The LLM Service Daemon (LSD) supports two levels of evaluation: scoring a single inference against a datapoint, and grouping a sequence of inferences into a multi-step workflow run that gets scored as a whole.

Run with the standalone evaluations binary, against either an embedded config or a running gateway:

Terminal window
cargo run -p evaluations -- \
--config-file ./config/lsd.toml \
--gateway-url http://localhost:3000 \
--evaluation-name my_evaluation \
--dataset-name my_dataset \
--variant-name my_variant \
--concurrency 4

Useful flags:

  • --function-name + --evaluator-names: run specific evaluators without a named evaluation config
  • --datapoint-ids: evaluate specific datapoints instead of a whole dataset
  • --format pretty|jsonl: human-readable or machine-parseable output
  • --adaptive-stopping-precision evaluator=target: stop early once an evaluator’s confidence interval is tight enough
  • --cutoffs evaluator=threshold: exit non-zero if an evaluator’s score falls below a threshold (useful in CI)
type Behavior
exact_match Boolean: output matches the expected output exactly
regex Boolean: output matches a pattern
tool_use Boolean: validates the tool calls made during the inference
llm_judge Boolean or float: another LLM scores the output against a rubric; checks for existing human feedback before calling the judge
typescript Boolean or float: custom scoring logic you provide
[evaluations.my_evaluation.evaluators.matches_expected]
type = "exact_match"
[evaluations.my_evaluation.evaluators.no_swearing]
type = "regex"
must_not_match = "(?i)\\b(damn|hell)\\b"
[evaluations.my_evaluation.evaluators.calls_search_tool]
type = "tool_use"
behavior = "any_of"
tools = ["web_search"]
[evaluations.my_evaluation.evaluators.quality_judge]
type = "llm_judge"
input_format = "messages" # serialized | messages
output_type = "float" # boolean | float
optimize = "max"
include = { reference_output = true }

tool_use accepts behavior = "none" | "none_of" | "any" | "any_of" | "all_of", with tools = [...] required for every behavior except none/any. regex needs at least one of must_match / must_not_match; both apply as a logical AND. llm_judge and typescript evaluators also take an optimize direction (max/min) used by adaptive stopping and by optimization jobs that target an evaluator’s score.

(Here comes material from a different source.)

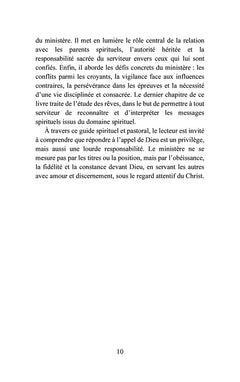 Ministère chrétien sous l'action du Saint-Esprit !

For multi-step agents, start a run and tag each step (episode) as it happens, rather than scoring one inference in isolation:

Terminal window
curl -X POST http://localhost:3000/workflow_evaluation_run \
-H "Content-Type: application/json" \
-d '{"variants": {"my_function": "my_variant"}, "project_name": "my_agent"}'

This returns a run_id. Subsequent inferences tagged into that run via POST /workflow_evaluation_run/{run_id}/episode are grouped together, so you can evaluate an entire agent trajectory rather than a single call.

Run metadata and scores land in inference_evaluation_runs (plus workflow_evaluation_run_episodes for workflow runs) and inference_evaluation_human_feedback for any human-in-the-loop feedback. All of it is queryable from the same Postgres database as everything else.